На последующих страницах я не стану читать проповедь или развивать какую-то одну главную мысль. Не собираюсь и никого вести за собой по лабиринтам своего сознания. Я лишь хочу нанизать на нитку мимолетные мысли и чувства, облечь их в слова. Мне часто говорили, что если я сумею это сделать, то, возможно, частицы моей жизни добавятся к тому запасу мыслей, искренности и сочувствия, откуда люди черпают силы для того, чтобы жить. Скорее всего, мои заметки окажутся не слишком умными или выдающимися, но в них будут содержаться зерна дружеского участия моих близких.

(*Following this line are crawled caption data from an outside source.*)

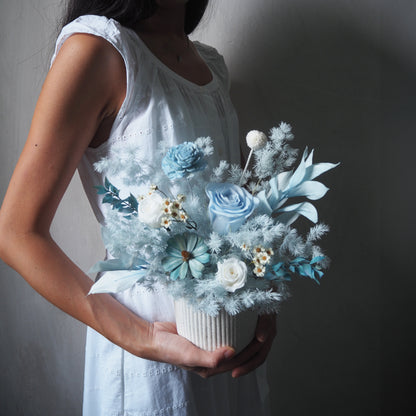 lady holding light pale blue preserved flower arrangements in white strip vase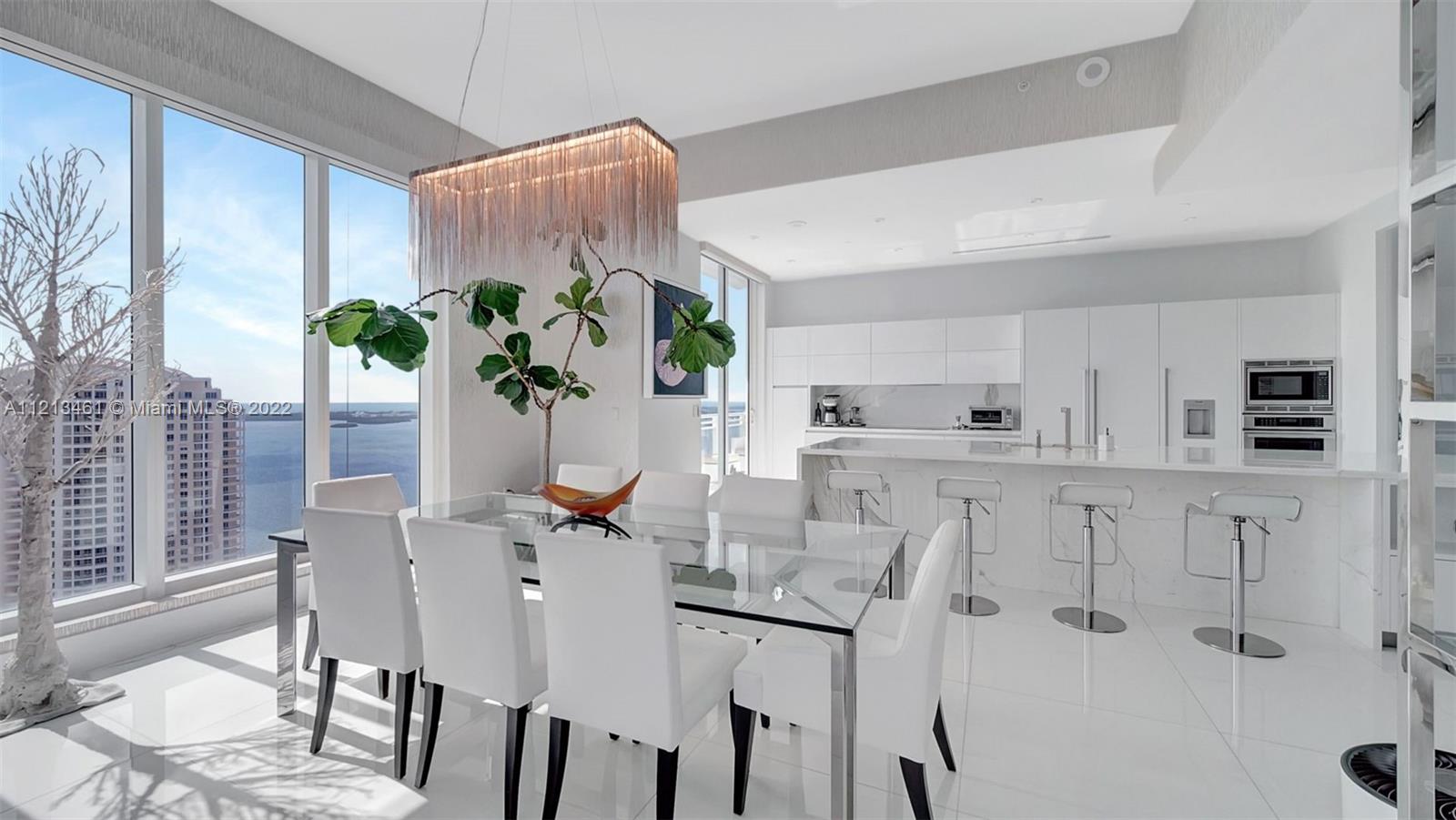 900 Brickell Key Boulevard, Unit 3103 Miami, FL 33131 - Photo 8 of 46 a dining room with furniture and a potted plant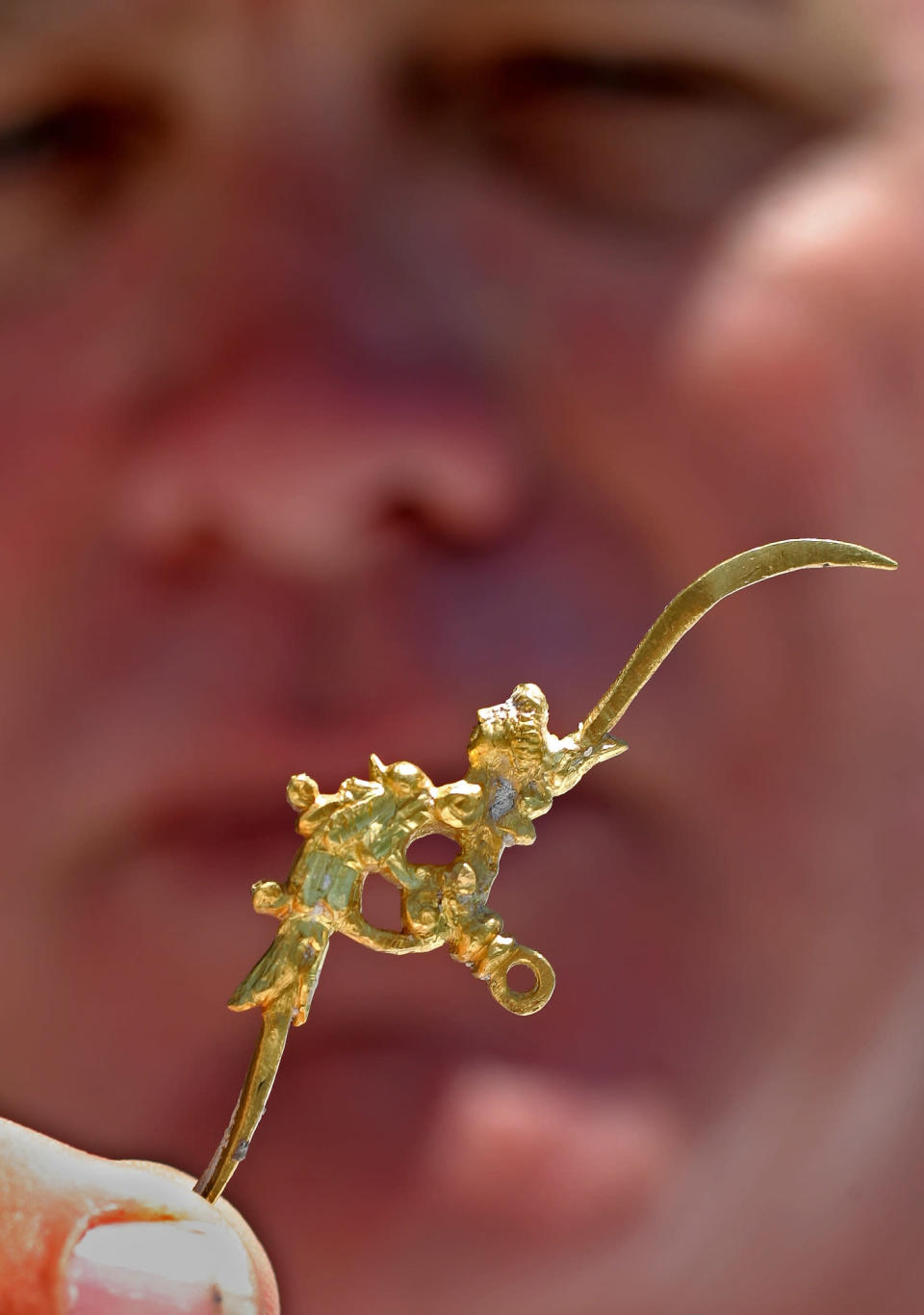 In this photo released by the Florida Keys News Bureau, Blue Water Ventures salvage company captain Dan Porter displays a tiny solid gold combination toothpick and earwax scoop Monday, May 19, 2008, in Key West, Fla. A diver on Porter's salvage boat recovered the artifact Sunday, May 18, about 40 miles west of Key West during a search for remains of the Spanish galleon Santa Margarita that shipwrecked in a 1622 hurricane. According to archaeologists, the 3-inch-long, 17th century grooming tool is more than 385 years old and was probably worn on a gold chain. Estimated value could exceed $100,000. (AP Photo/Florida Keys News Bureau, Bob Care)
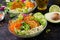 Vegan buddha bowl dinner food table. Healthy vegan lunch bowl. Fritter with lentils and radish, avocado, carrot salad.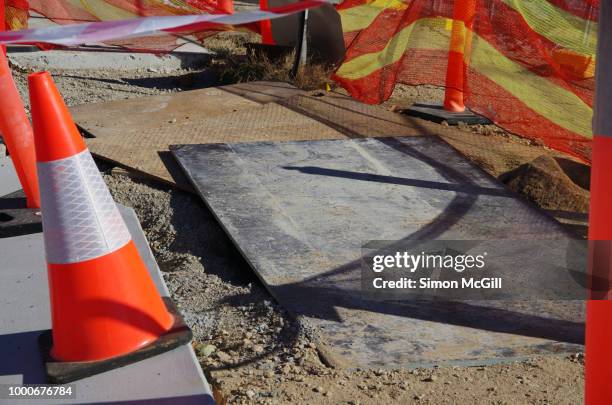traffic cones, construction barrier mesh and plastic cordon tape surround construction work - barrikade stock-fotos und bilder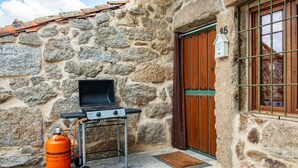 Un bâtiment en pierre avec un barbecue et une bouteille de propane à l’extérieur.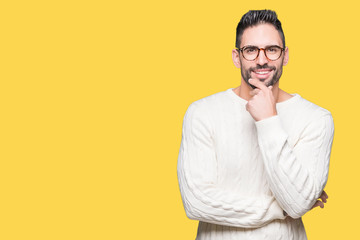 Young handsome man wearing glasses over isolated background looking confident at the camera with smile with crossed arms and hand raised on chin. Thinking positive.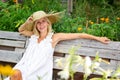 Beautiful blonde woman in white dress sitting outside in garden and smiles Royalty Free Stock Photo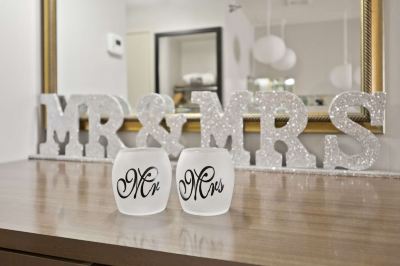 "a couple of wedding decorations , including a large sign that says "" mr & mrs "" and two matching glasses with the word "" mr & mrs" at Country Inn & Suites by Radisson, Watertown, SD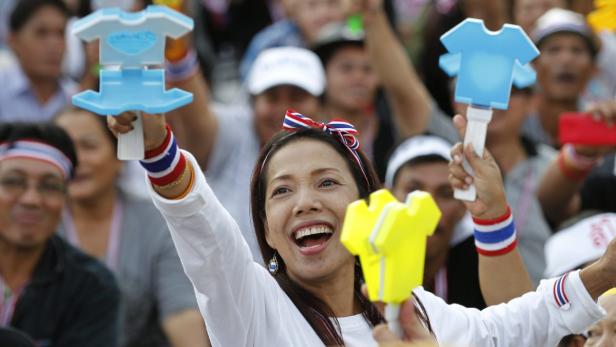 Eine lächelnde Frau hält T-Shirt-förmige Schilder in den thailändischen Nationalfarben hoch.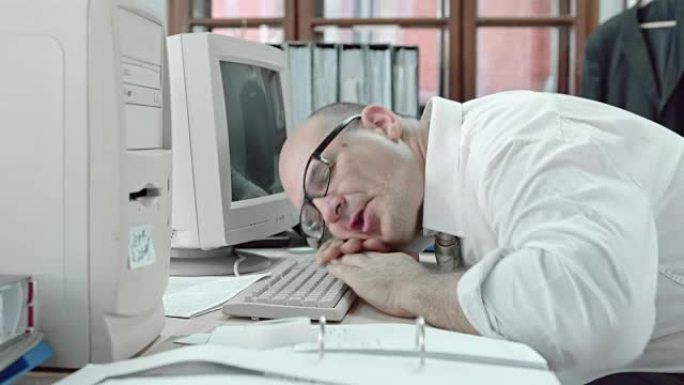 有趣的商人睡在电脑键盘上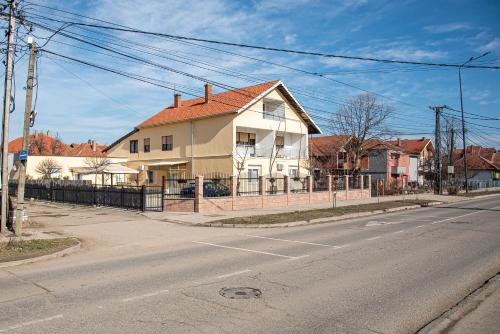 a white house with a red roof on a street at Apartments Kuca Aleksic in Niš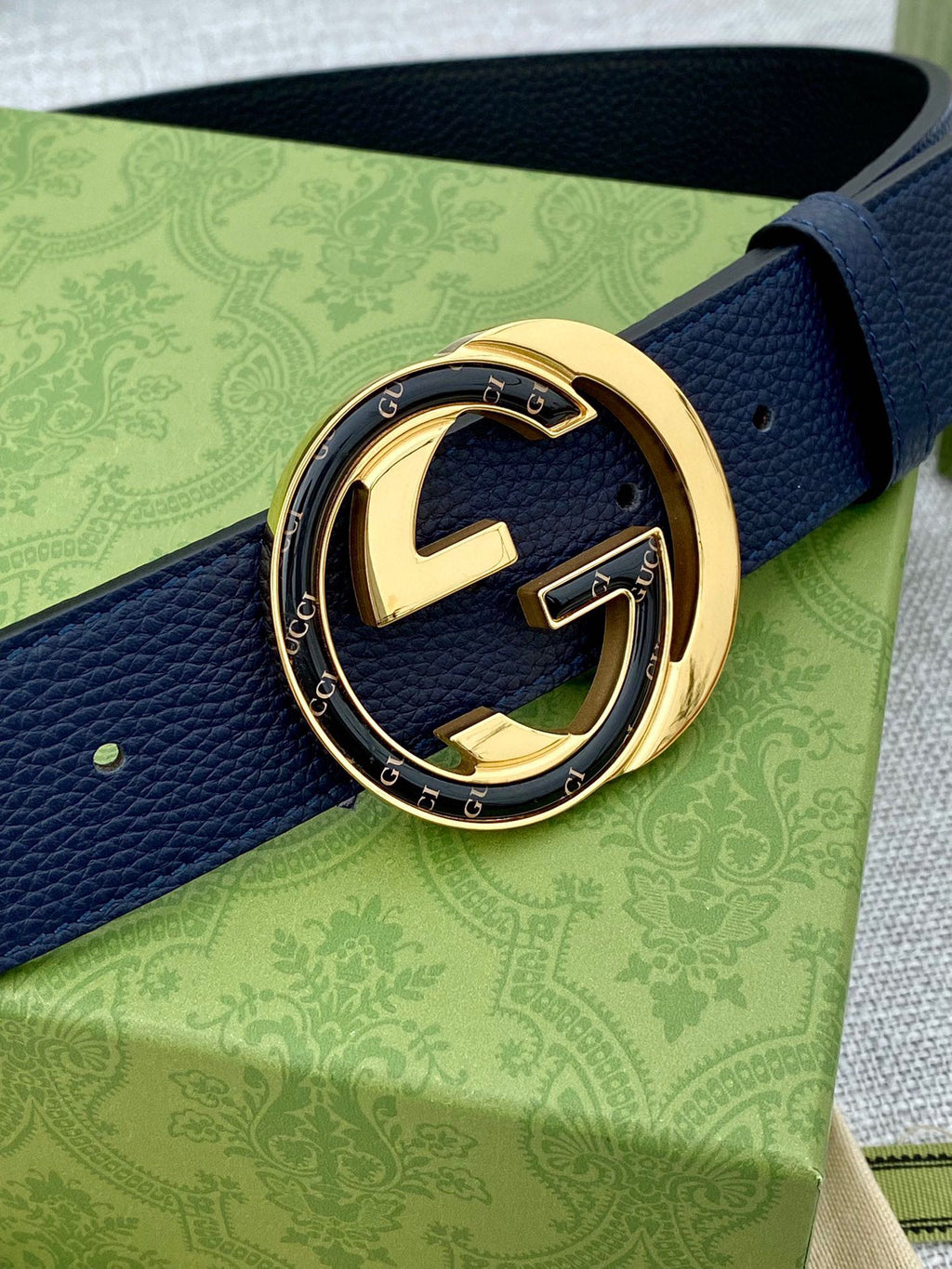 Navy leather belt with blue-and-gold GG logo buckle close-up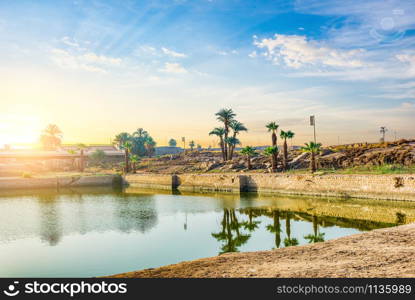 Sunrise over Sacred lake in Karnak Temple, Luxor. Sacred lake in Karnak Temple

Работа над автобиографией напомнила мне любимое занятие моего друга, полковника Рёблинга. В последние годы жизни он был строителем. В молодости он строил Бруклинский подвесной мост и остался инвалидом, оказавшись надолго под водой, запертый в одном из кессонов. Однажды я навещала его в Трентоне, Нью-Джерси, и он показал мне пазл, который он собрал. На мозаике были изображены река с перекинутым через нее мостом, зеленые холмы, синее небо с пушистыми белыми облачками, отражающимися в воде. Полковник брал из маленькой плоской чаши кусочки пазла и составлял картинку с великим терпением.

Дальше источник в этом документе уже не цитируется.